The #map Method
July 12, 2015
Before reading this blog post, I must mention that I am writing this to help further my own understanding of the topic, so if there are errors: 1) I will fix them — 2) It’s a work in progress.
The #map Method
#Map is an extremely useful method in Ruby. Think of it as the ‘collector’ method (I suppose that’s why you can also call it with `.collect`). When you’re doing a collection operation in Ruby, you are working over a set of collected data through iteration, transformation, ordering/sorting, or even filtering. Each has a specific purpose or duty when performing an action on a collection.
The #map method is one such “collection-transformation” operation. It will transform one collection into another collection. In this case, #map always returns an array. The reason for that is because it is a defined #enumerable. When using the class Enumerable, the class must define an instance of `each` which is the crux of the Enumerable class. The objects that fall within are tasked with various collection behaviors (as mentioned above).

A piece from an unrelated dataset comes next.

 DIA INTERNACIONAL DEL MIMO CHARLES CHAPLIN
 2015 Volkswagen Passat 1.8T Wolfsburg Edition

So getting back to the #map method, perhaps it makes more sense now why it is considered the ‘transformation’ operation. As it will return the exact same input it received, except, as an array. It won’t change the positions, or sizing, or even the font. It essentially just… maps it. It’s useful because you can call #map and run it through a block, because #map takes blocks as an argument. You can then call another method on your #map block to return a new array. For example I can call the (.upcase) method (an easy example to understand) with:
.map(&:join)
A collection of data (a set of street addresses for example) and map will iterate through each name and return an array, then #map will call the .upcase method which would ‘transform’ the data into all capital letters. There’s countless other things that #map can do, but I hope this brief introduction made sense. Thanks for reading!